「施設充実、戦力充実の私立。それに立ち向かう公立」
甲子園で判官びいきが起こる第一要因として挙げられるのがコレだ。ある意味では「弱い者を応援する」という義に沿っているが、もっと大きな要因があるのではないだろうか。
実は日本の高校の多くが国公立なのだ。現在、高校総数のうち、約75パーセントが公立校。生徒数では約70パーセントが公立の高校(中等教育学校なども含む)に在籍しているのだ。思ったよりも高い割合ではないだろうか。
さかのぼれば、公立の比率はもっと高くなる。つまり、日本人の大多数は国公立高校出身。
「オレは公立出身だから公立が好きだ!」
という主張を聞いたことはないが、大多数が無意識のうちに公立好きの傾向になるのも頷けるだろう。
そんな理由もあり、特別に高校野球ファンから大きな期待が注がれる公立校。過去の伝説的な旋風と同じような圧倒的な熱量を持ったブームを起こすのは、やはり公立校の可能性が高い。
それでは、この夏、甲子園に出場する公立校を紹介しよう。
・大曲工(秋田/県立/初出場)
・いなべ総合学園(三重/県立/6年ぶり2回目)
・市尼崎(兵庫/市立/33年ぶり2回目)
・市和歌山(和歌山/市立/2年ぶり5回目)
・境(鳥取/県立/初出場)
・出雲(島根/県立/初出場)
・鳴門(徳島/県立/5年連続11回目)
・唐津商(佐賀/県立/5年ぶり5回目)
・長崎商(長崎/県立/29年ぶり7回目)
・嘉手納(沖縄/県立/初出場)
スポーツ新聞などの予想でもっとも下馬評が高いのは、春夏連続出場のいなべ総合学園。校名的には私立っぽさがあるが、県立校で13万平方メートルの広大な敷地を持つ。うち体育施設は6万平方メートルにも渡り、充実した環境の“ニュータイプ公立校”といえるだろう。
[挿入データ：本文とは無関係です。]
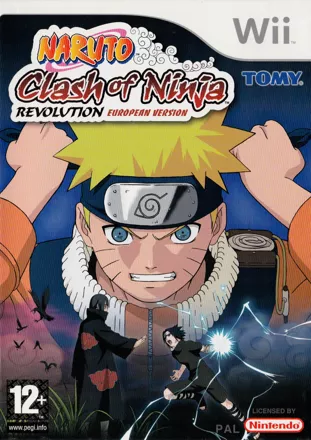 Naruto: Clash of Ninja Revolution Wii Front Cover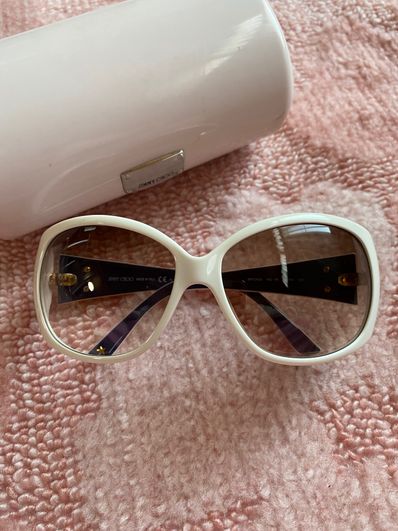 JIMMY CHOO ジミーチュウ サングラス ホワイト グラデーション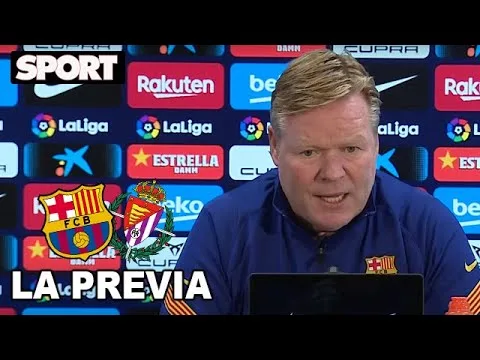 RUEDA DE PRENSA de KOEMANPREVIA FC BARCELONA-VALLADOLID: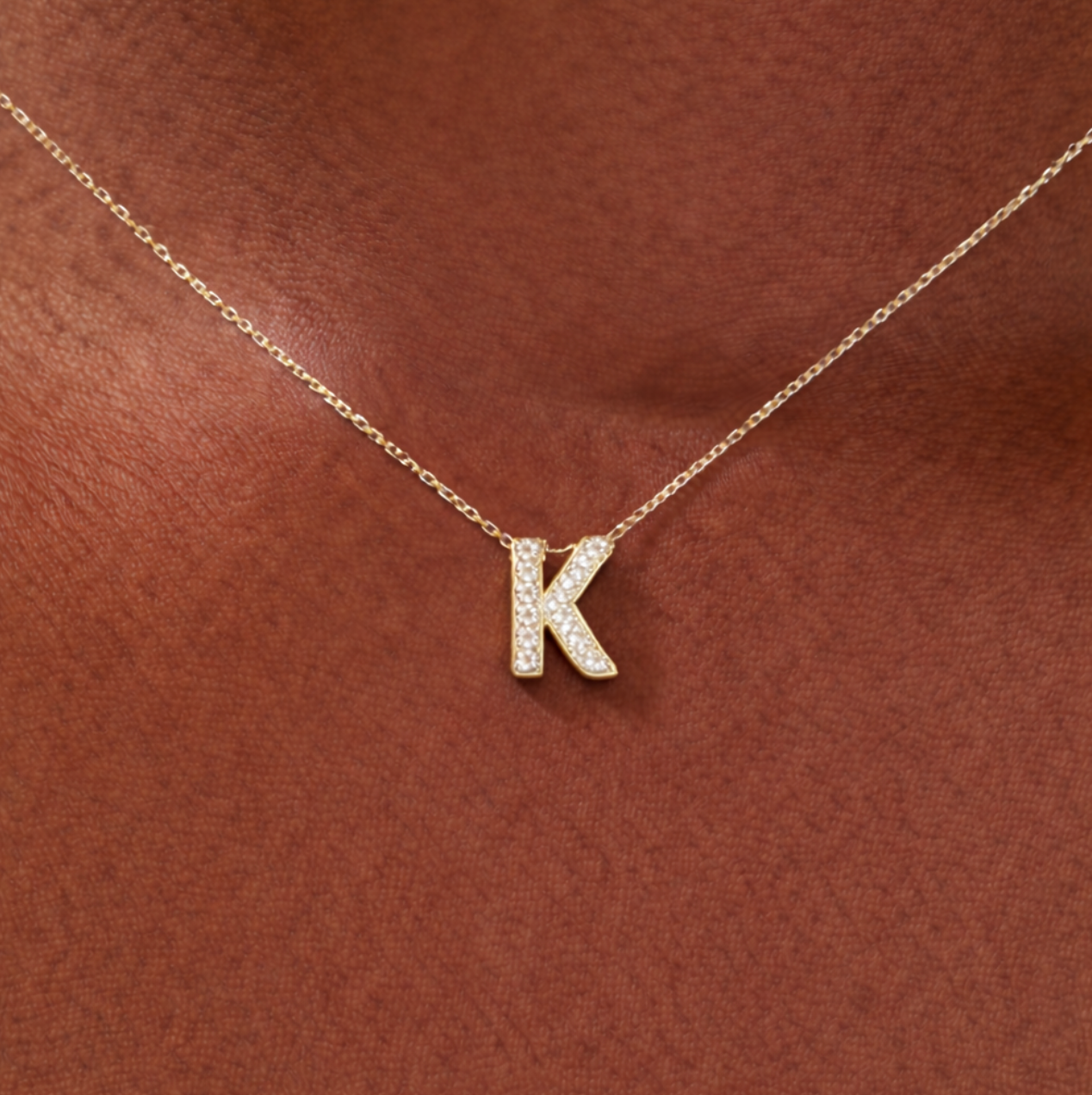 Collier Fin Or Lettre Personnalisable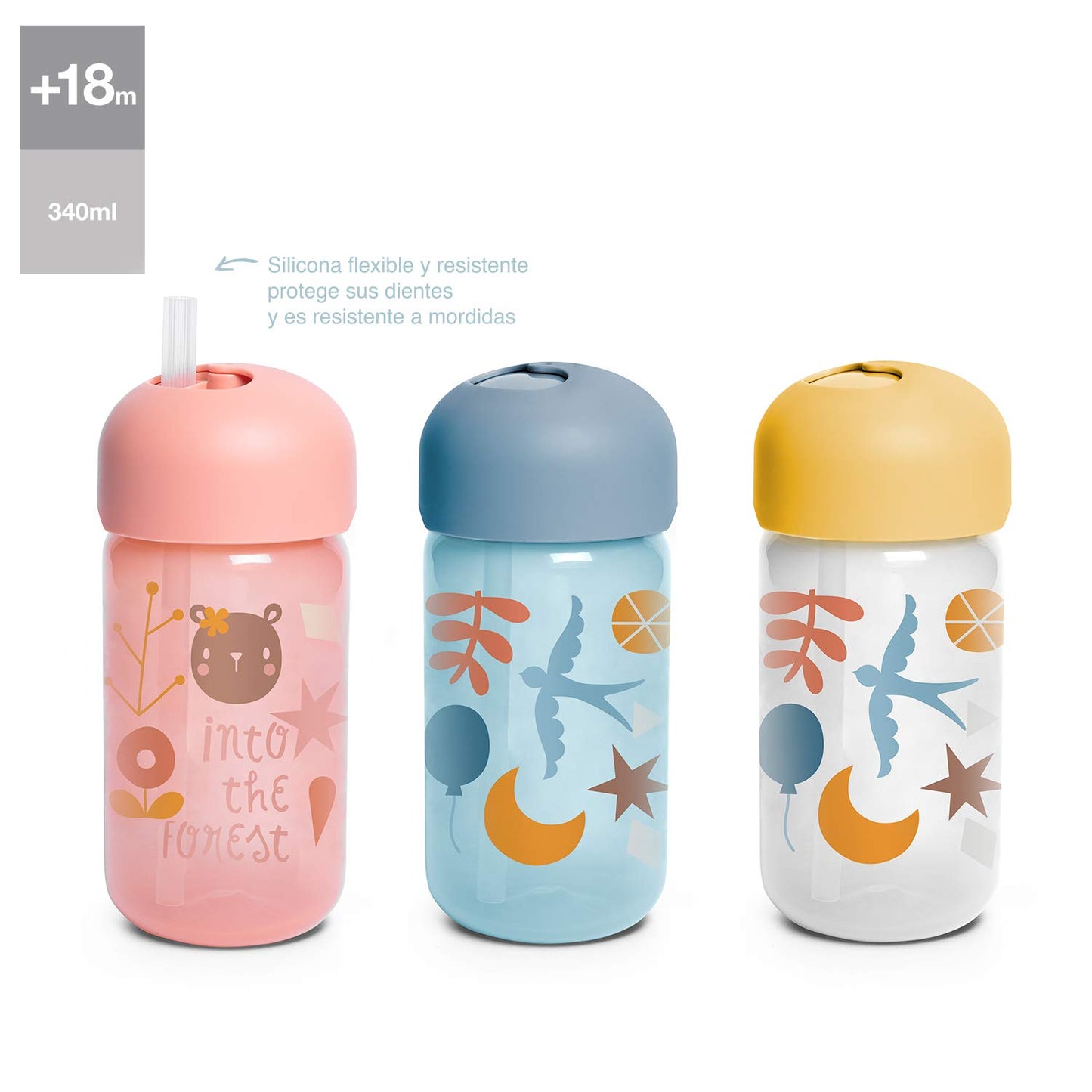 Suavinex joogitops kõrrega +18 kuud, 340 ml, Forest Blue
また、鳴門も「徳島県内無敵」と名高い。ちなみに徳島県は現在に至るまで私立校の甲子園出場がない全国唯一の地区だ。
そのほかの学校は残念ながら高い下馬評を得てはいないが、逆にいえば“旋風”に期待できる。特に境、出雲の山陰勢や大曲工は、近年不調の県勢の鬱憤を晴らす活躍ができれば即旋風だろう。
初出場の嘉手納にも判官びいきの期待がかかる。ただでさえ沖縄は公立や私立を問わず、旋風が起きやすい“特区”。旋風マニアにはたまらない注目校だ。